*Work required*. Nothing but the lines from the one containing "2013 Hyundai Elantra" to the end of the records below should be output, each exactly as written.

Dataset records:
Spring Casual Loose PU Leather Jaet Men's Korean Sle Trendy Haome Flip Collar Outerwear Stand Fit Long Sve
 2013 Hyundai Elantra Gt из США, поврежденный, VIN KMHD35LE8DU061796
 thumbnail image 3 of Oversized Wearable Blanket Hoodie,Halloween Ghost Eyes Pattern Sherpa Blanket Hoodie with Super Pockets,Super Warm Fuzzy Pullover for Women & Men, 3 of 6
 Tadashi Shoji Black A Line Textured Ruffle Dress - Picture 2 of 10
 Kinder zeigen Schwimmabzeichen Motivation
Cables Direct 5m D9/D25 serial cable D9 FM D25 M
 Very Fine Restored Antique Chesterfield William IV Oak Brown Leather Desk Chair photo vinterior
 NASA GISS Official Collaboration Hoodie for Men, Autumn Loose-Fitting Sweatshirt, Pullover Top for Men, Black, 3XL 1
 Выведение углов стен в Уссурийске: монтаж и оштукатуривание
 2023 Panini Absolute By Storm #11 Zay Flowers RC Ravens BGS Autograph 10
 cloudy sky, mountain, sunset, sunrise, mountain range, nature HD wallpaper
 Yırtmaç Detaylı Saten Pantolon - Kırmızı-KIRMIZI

*Response to this task*.
 2013 Hyundai Elantra Gt из США, поврежденный, VIN KMHD35LE8DU061796
 thumbnail image 3 of Oversized Wearable Blanket Hoodie,Halloween Ghost Eyes Pattern Sherpa Blanket Hoodie with Super Pockets,Super Warm Fuzzy Pullover for Women & Men, 3 of 6
 Tadashi Shoji Black A Line Textured Ruffle Dress - Picture 2 of 10
 Kinder zeigen Schwimmabzeichen Motivation
Cables Direct 5m D9/D25 serial cable D9 FM D25 M
 Very Fine Restored Antique Chesterfield William IV Oak Brown Leather Desk Chair photo vinterior
 NASA GISS Official Collaboration Hoodie for Men, Autumn Loose-Fitting Sweatshirt, Pullover Top for Men, Black, 3XL 1
 Выведение углов стен в Уссурийске: монтаж и оштукатуривание
 2023 Panini Absolute By Storm #11 Zay Flowers RC Ravens BGS Autograph 10
 cloudy sky, mountain, sunset, sunrise, mountain range, nature HD wallpaper
 Yırtmaç Detaylı Saten Pantolon - Kırmızı-KIRMIZI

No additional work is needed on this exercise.